Вольтер как‑то сострил: "Один поляк — душка, два поляка — ссора, три поляка — это уже польский вопрос" . В результате разделов Речи Посполитой (Вольтер приветствовал их начало в 1772 году) Россия приобрела гораздо больше трех поляков. Польский вопрос стал головной болью для русских самодержцев. Екатерина не желала даровать особые права недавно захваченным землям, в отличие от прежних царей, при которых вновь присоединенные окраины долгое время, иногда десятки и сотни лет, обладали широкой автономией. Так было с Гетманщиной и Прибалтийскими территориями. Присоединенные польские земли не получили какого‑либо особого статуса, что создавало напряжение в отношениях центра и новых окраин.
Тем не менее среди русских дворян — включая кое‑кого из администраторов новых земель — многие прониклись сочувствием к уязвленной шляхетской гордости. Разделы они считали несправедливыми и опрометчивыми с точки зрения интересов России в Европе. Чувство вины по отношению к плененному, но не сломленному соседу было совершенно новым для русского имперского мировоззрения. Поляки обладали аристократией и элитой, с которой трудно было говорить свысока. Речь Посполитая состоялась как региональная держава с глубоко осмысленным пониманием своей имперской "миссии", чья элита была верна "отчизне" и государству. Оформленная политическая нация не могла отказаться от мечты о независимом государстве. К тому же ее элита презирала новых господ, считая себя в культурном плане куда выше, чем завоеватели (эти чувства были намного сильнее ощущений казацкой элиты Войска Запорожского XVII века), что создало дополнительные трудности для имперского аппарата, привыкшего действовать по определенной схеме. Обычно тот заключал с местной верхушкой сделку, которая оплачивалась за счет эксплуатации низших слоев населения и утверждала высшую верховную власть Петербурга. Такую сделку предложили и шляхте, но местные элиты не были склонны согласиться на нее, а если соглашались, то надежными партнерами не были.
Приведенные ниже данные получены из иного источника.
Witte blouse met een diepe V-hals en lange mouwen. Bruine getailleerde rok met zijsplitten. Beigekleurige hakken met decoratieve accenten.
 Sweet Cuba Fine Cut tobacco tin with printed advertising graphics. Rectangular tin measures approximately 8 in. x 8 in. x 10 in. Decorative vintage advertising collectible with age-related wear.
Польский вопрос никогда не был для России чем‑то теоретическим, оставленным для осмысления философам. Поляки не раз брали в руки оружие, стремясь не просто быть услышанными или улучшить отношения с митрополией, а чтобы сбросить российское владычество и возродить Речь Посполитую в старых границах. Они шагали вперед, при этом глядя назад, в прошлое. Для Российской империи поляки стали опасными врагами. Начало эры национализма с его упором на этнический и языковой признаки создало еще одно препятствие для успешной интеграции новых земель. Мало того, что польская шляхта была носителем политической культуры, противоположной абсолютизму, мало того, что она принадлежала к католической церкви, к которой российская православная элита всегда относилась с величайшим недоверием. Кроме всего этого поляки заложили фундамент отдельной, модерной польской идентичности: общественные институты, исторические мифы, язык, литературу и религию.
Русская имперская элита не сумела решить польский вопрос обычным путем — ассимиляцией элит завоеванных территорий. Это вынудило ее пристальнее взглянуть на собственную идентичность. Тогда‑то и была выведена новая формула: сочетание верности самодержавию и церкви с новым понятием, а именно — нации. Известная в историографии как доктрина официальной народности, она будет определять нациестроительство в России почти на столетие вперед.
В 1812 году вторжение армии Наполеона в Россию официально именовалось Польской войной, а точнее — Второй польской войной. В ходе первой (1806–1807) Наполеон разбил армию коалиции Австрии, Пруссии и России и отобрал у Пруссии доставшееся ей по польским разделам Герцогство Варшавское. Было объявлено, что целью второй кампании является восстановление Польского королевства, включая территории, отошедшие по разделам к России. Истинной же целью Наполеона, по мнению многих ученых, было вынудить Россию прекратить торговлю с Англией и затянуть у той на шее петлю континентальной блокады. Но из торговли не сделать боевой клич для французской армии и союзников в регионе, выступивших походом на Москву, кто по просьбе Наполеона, а кто по приказу. Устранение великой исторической несправедливости и восстановление Польского государства были подходящими мотивами, чтобы поднять боевой дух армии и привлечь в нее множество поляков. Сама война приобрела необходимую легитимность в глазах всего мира.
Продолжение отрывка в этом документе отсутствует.